Data extracted from a collection:

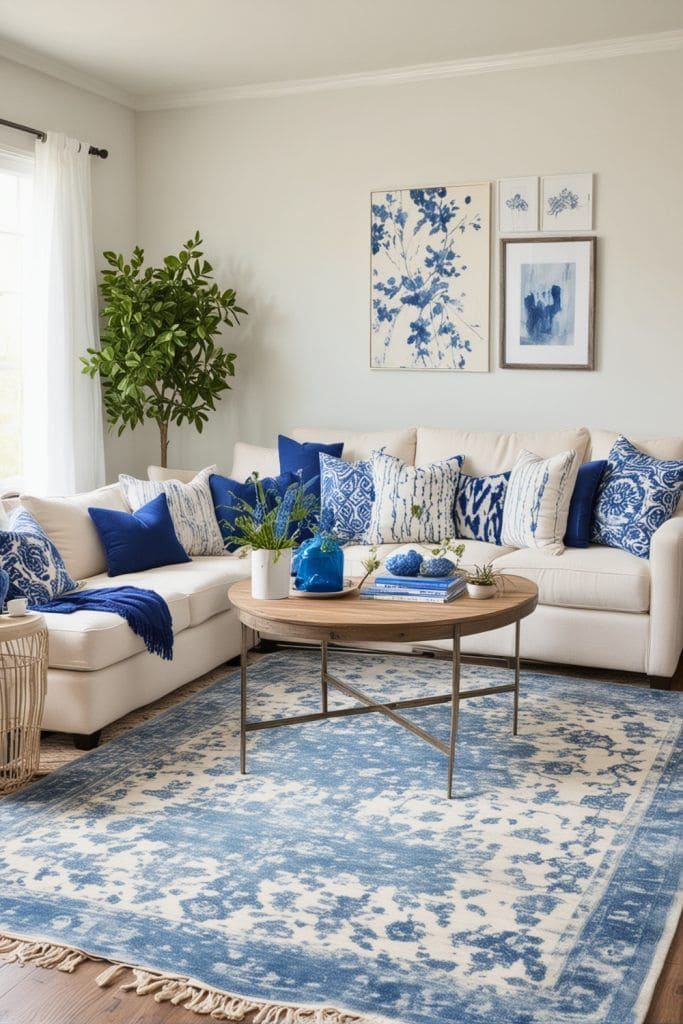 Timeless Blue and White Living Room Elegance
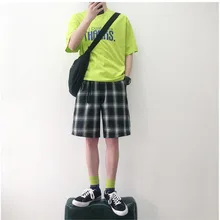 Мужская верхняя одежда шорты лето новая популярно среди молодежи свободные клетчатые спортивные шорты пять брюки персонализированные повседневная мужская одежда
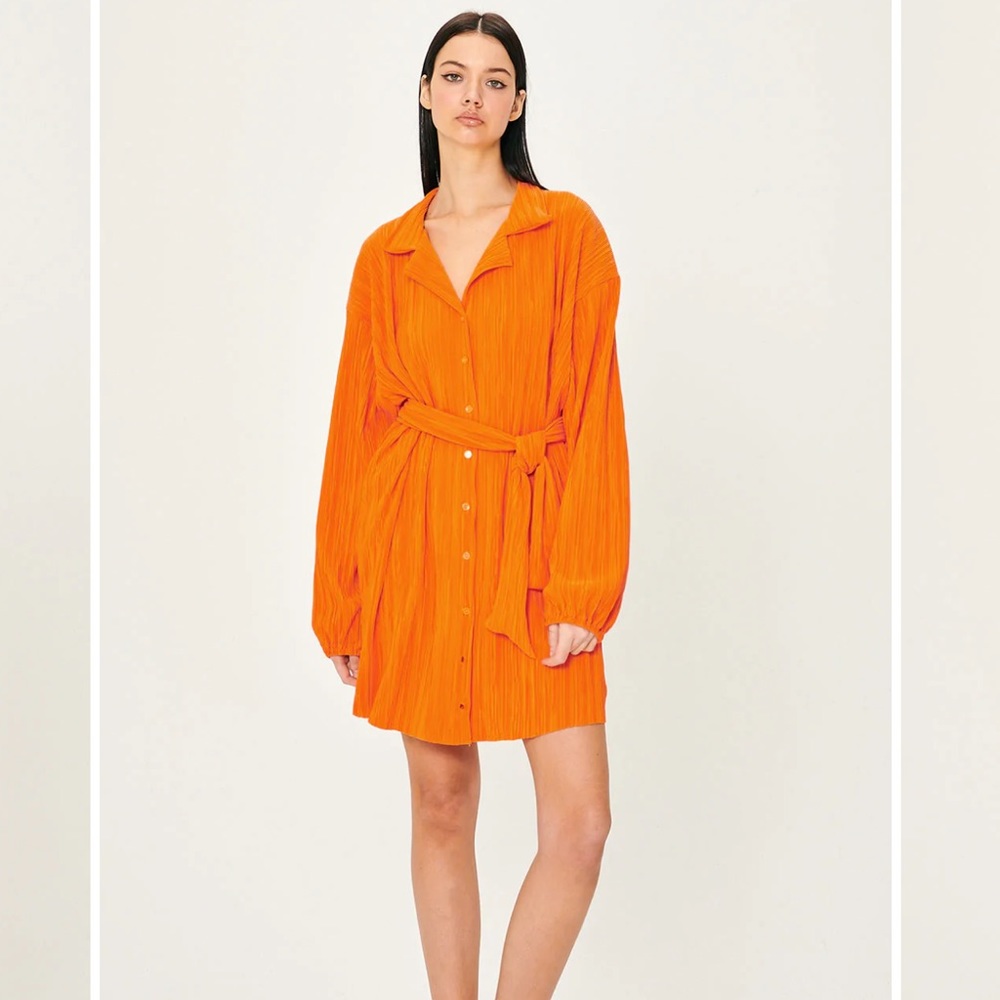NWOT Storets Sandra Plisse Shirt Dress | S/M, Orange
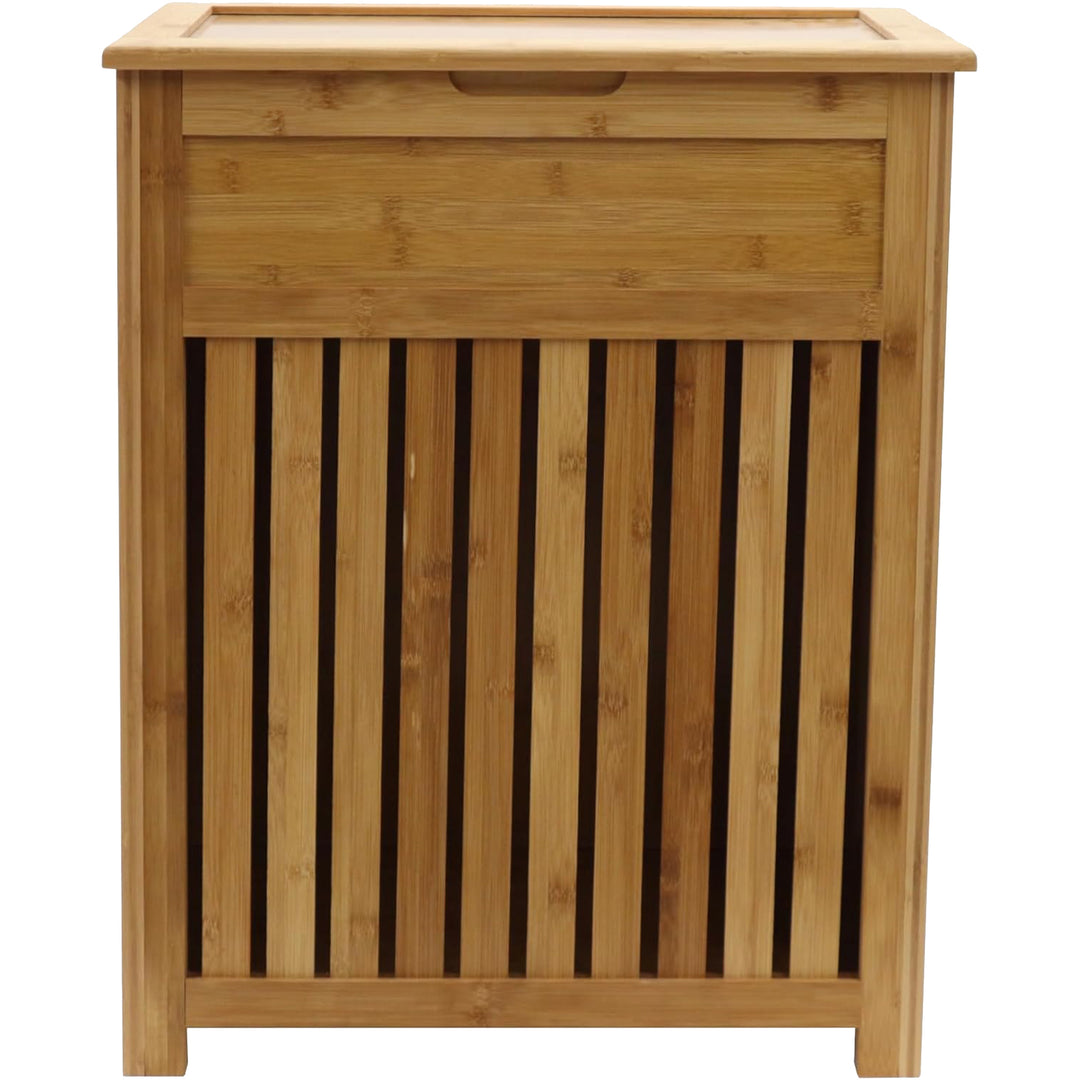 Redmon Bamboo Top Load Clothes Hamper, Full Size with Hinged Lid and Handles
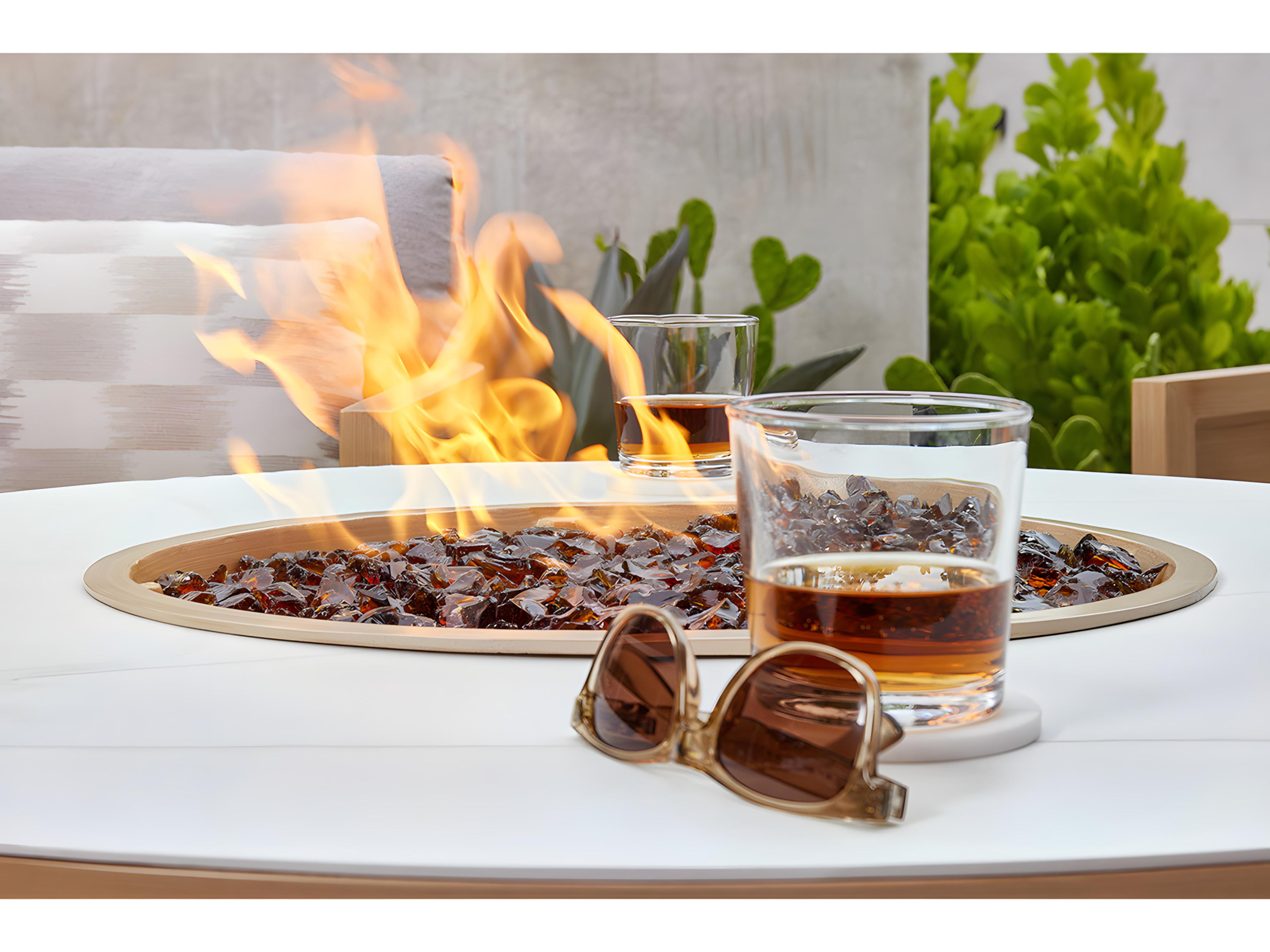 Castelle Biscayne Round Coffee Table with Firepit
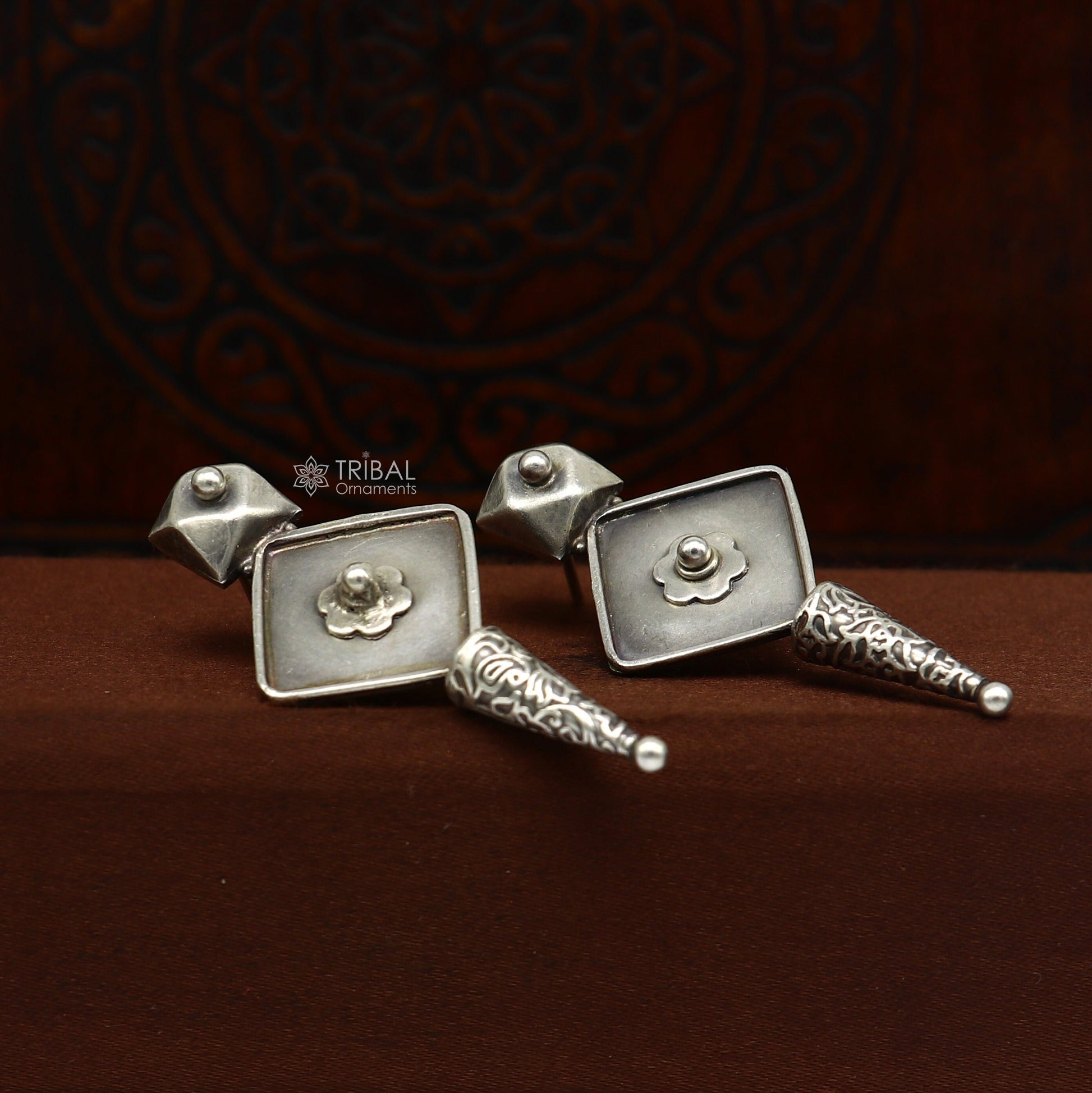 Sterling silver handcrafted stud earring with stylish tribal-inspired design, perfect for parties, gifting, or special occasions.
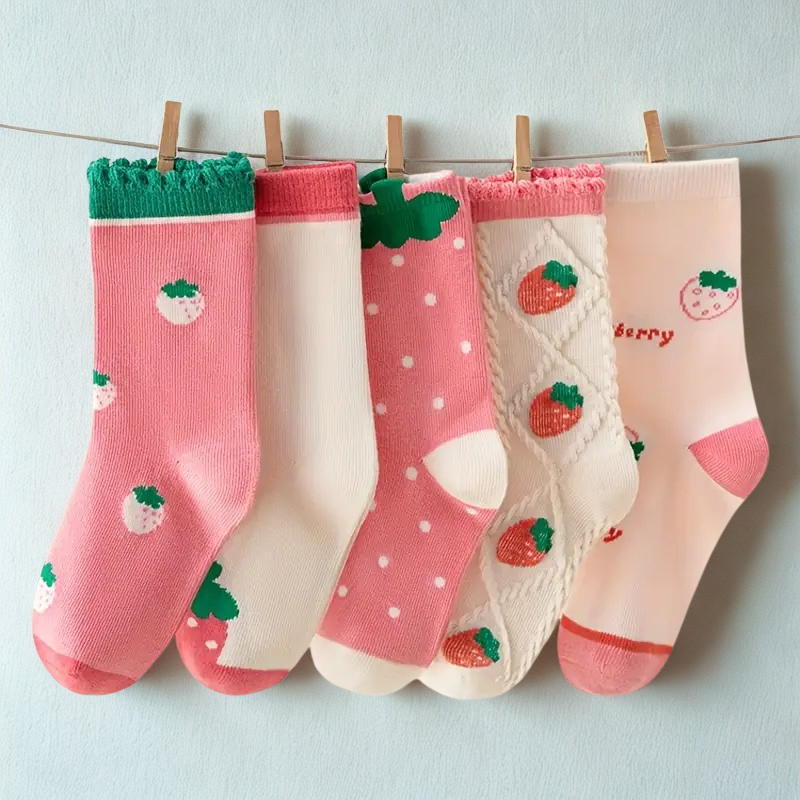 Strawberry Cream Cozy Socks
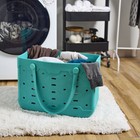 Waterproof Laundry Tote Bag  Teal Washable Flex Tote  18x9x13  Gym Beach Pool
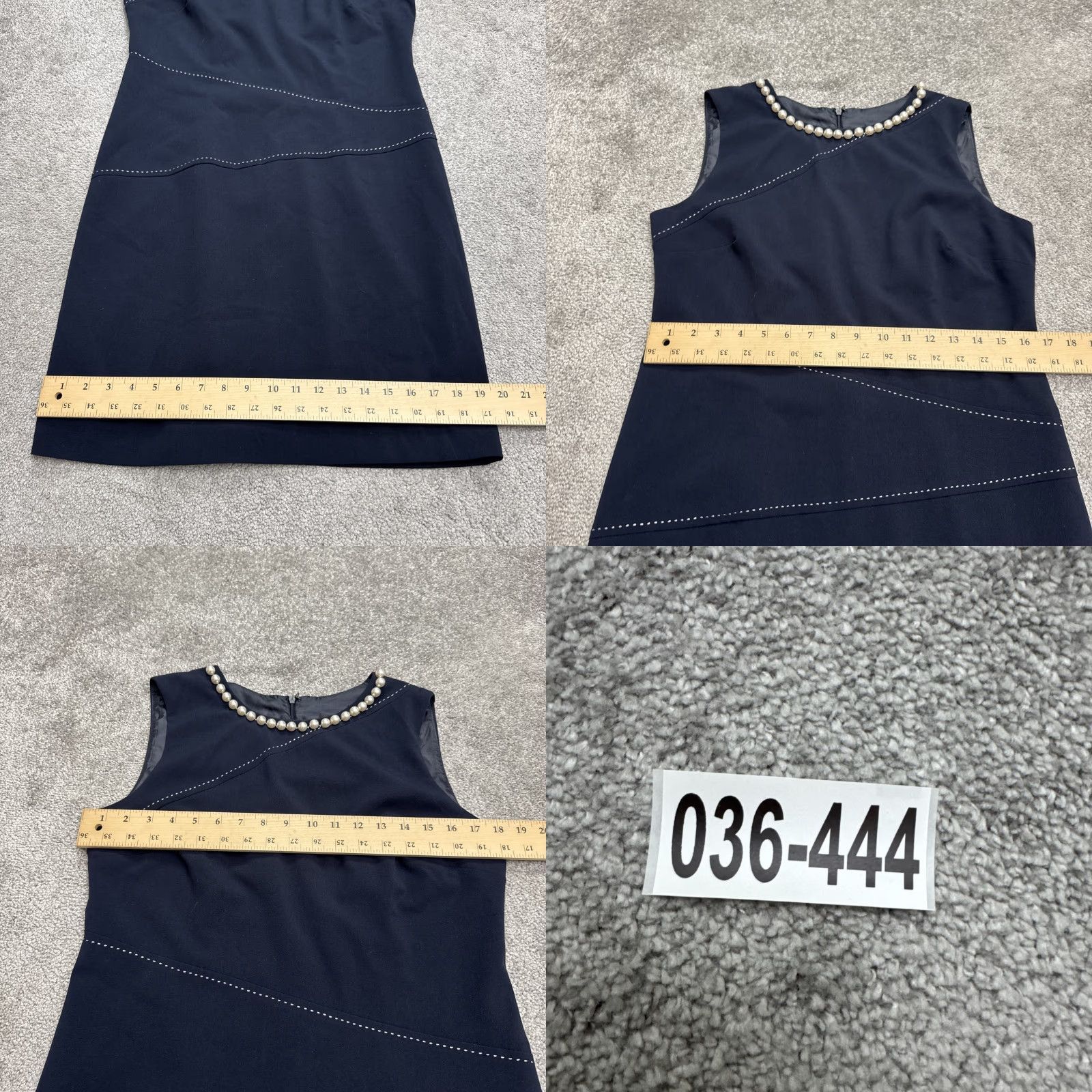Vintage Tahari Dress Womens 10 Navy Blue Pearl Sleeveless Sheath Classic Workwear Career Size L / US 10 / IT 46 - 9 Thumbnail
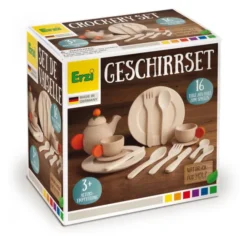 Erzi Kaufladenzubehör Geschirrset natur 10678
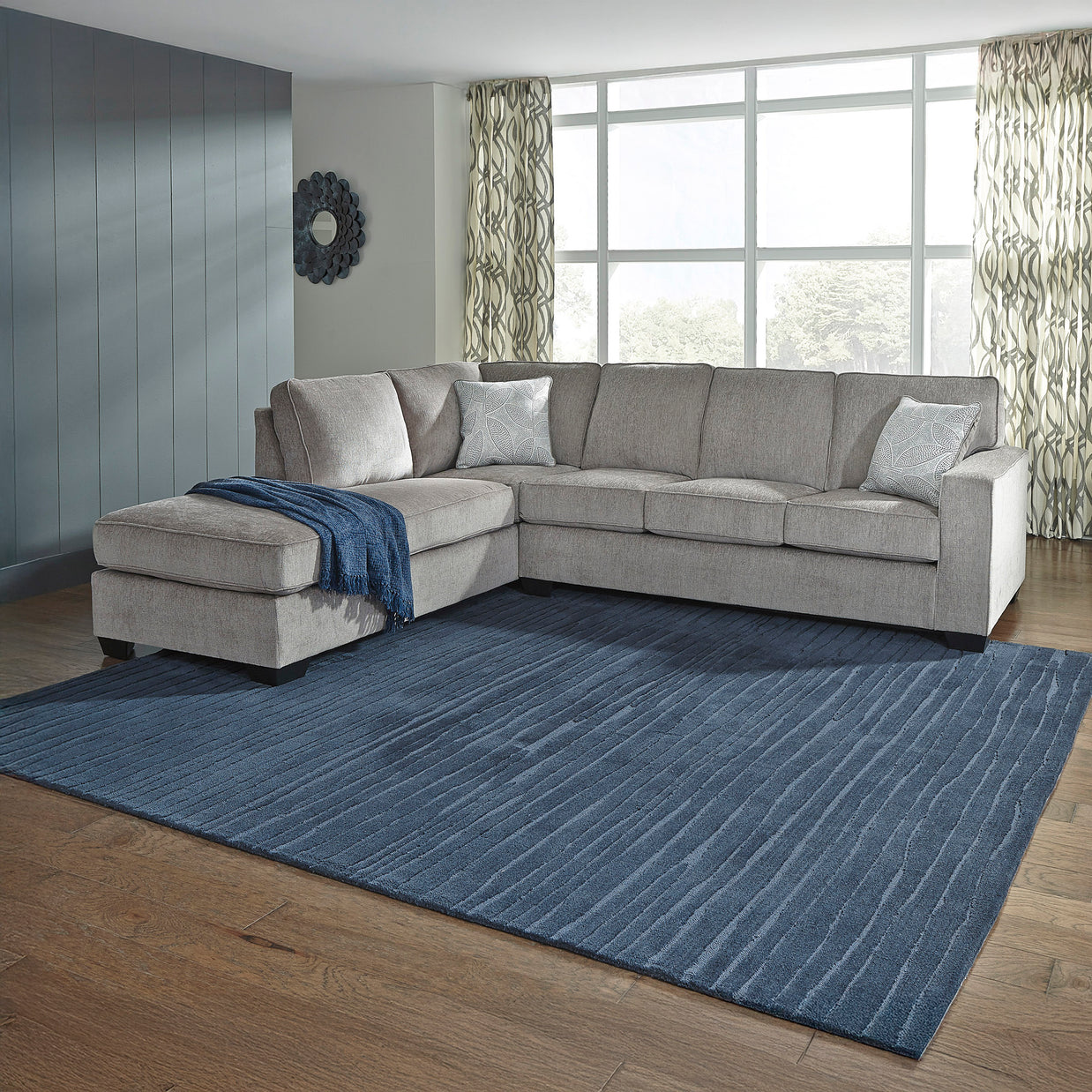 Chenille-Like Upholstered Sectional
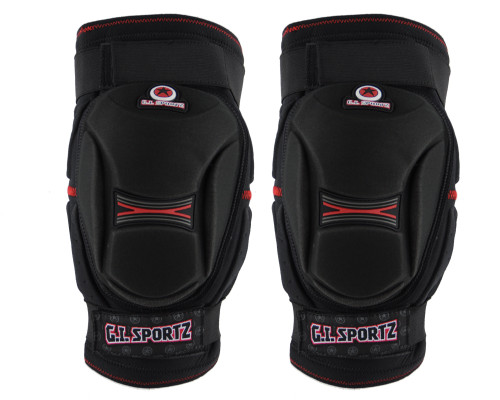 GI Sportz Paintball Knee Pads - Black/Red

■ Aim of the task:
Leave out the pictures and return every record word for word.

■ Response to the task:
 Timeless Blue and White Living Room Elegance
 Мужская верхняя одежда шорты лето новая популярно среди молодежи свободные клетчатые спортивные шорты пять брюки персонализированные повседневная мужская одежда
NWOT Storets Sandra Plisse Shirt Dress | S/M, Orange
 Redmon Bamboo Top Load Clothes Hamper, Full Size with Hinged Lid and Handles
 Castelle Biscayne Round Coffee Table with Firepit
 Sterling silver handcrafted stud earring with stylish tribal-inspired design, perfect for parties, gifting, or special occasions.
 Strawberry Cream Cozy Socks
 Waterproof Laundry Tote Bag  Teal Washable Flex Tote  18x9x13  Gym Beach Pool
Vintage Tahari Dress Womens 10 Navy Blue Pearl Sleeveless Sheath Classic Workwear Career Size L / US 10 / IT 46 - 9 Thumbnail
 Erzi Kaufladenzubehör Geschirrset natur 10678
 Chenille-Like Upholstered Sectional
 GI Sportz Paintball Knee Pads - Black/Red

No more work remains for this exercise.